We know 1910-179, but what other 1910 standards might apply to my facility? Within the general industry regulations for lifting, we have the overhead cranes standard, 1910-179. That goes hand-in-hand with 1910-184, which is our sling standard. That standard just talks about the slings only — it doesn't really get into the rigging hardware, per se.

...

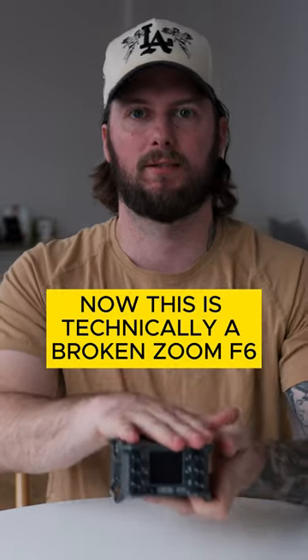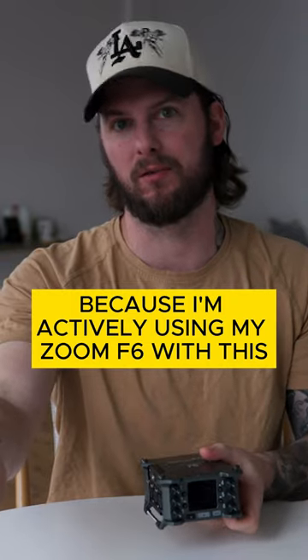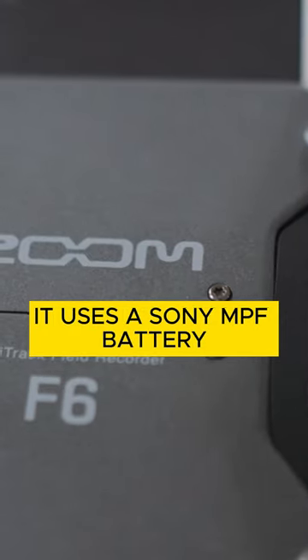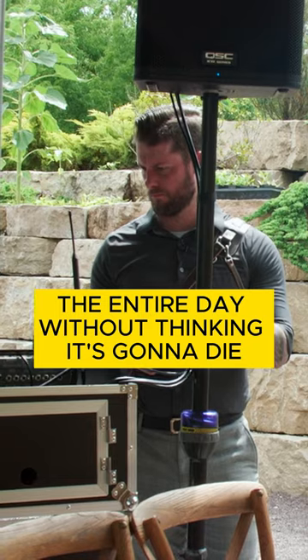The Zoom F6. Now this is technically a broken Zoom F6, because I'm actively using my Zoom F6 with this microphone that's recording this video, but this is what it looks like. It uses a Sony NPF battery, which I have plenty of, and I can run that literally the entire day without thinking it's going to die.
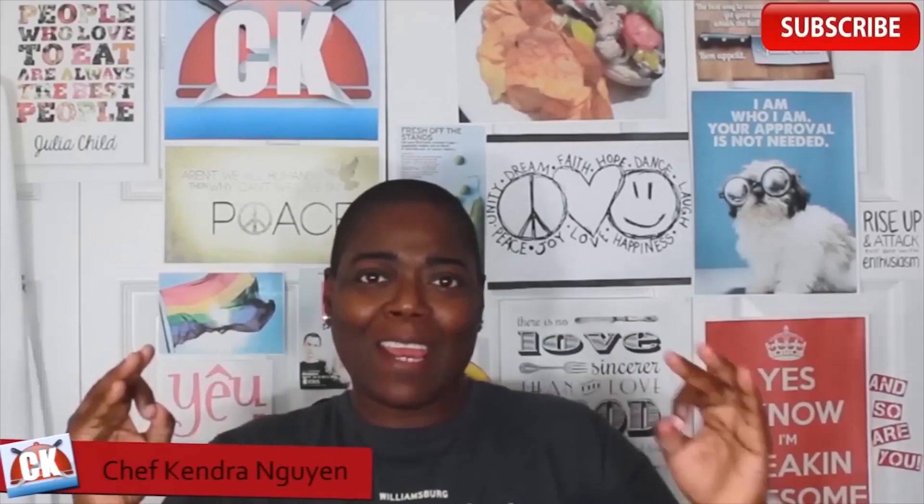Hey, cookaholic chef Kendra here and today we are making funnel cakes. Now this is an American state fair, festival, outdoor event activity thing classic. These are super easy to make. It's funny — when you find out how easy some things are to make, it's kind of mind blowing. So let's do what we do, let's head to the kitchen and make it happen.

Action item —
Copy exactly the lines of the listing above between the one holding "The Zoom F6." and the one holding "Hey, cookaholic chef", inclusive; omit all pictures.

Worked solution —
The Zoom F6. Now this is technically a broken Zoom F6, because I'm actively using my Zoom F6 with this microphone that's recording this video, but this is what it looks like. It uses a Sony NPF battery, which I have plenty of, and I can run that literally the entire day without thinking it's going to die.
Hey, cookaholic chef Kendra here and today we are making funnel cakes. Now this is an American state fair, festival, outdoor event activity thing classic. These are super easy to make. It's funny — when you find out how easy some things are to make, it's kind of mind blowing. So let's do what we do, let's head to the kitchen and make it happen.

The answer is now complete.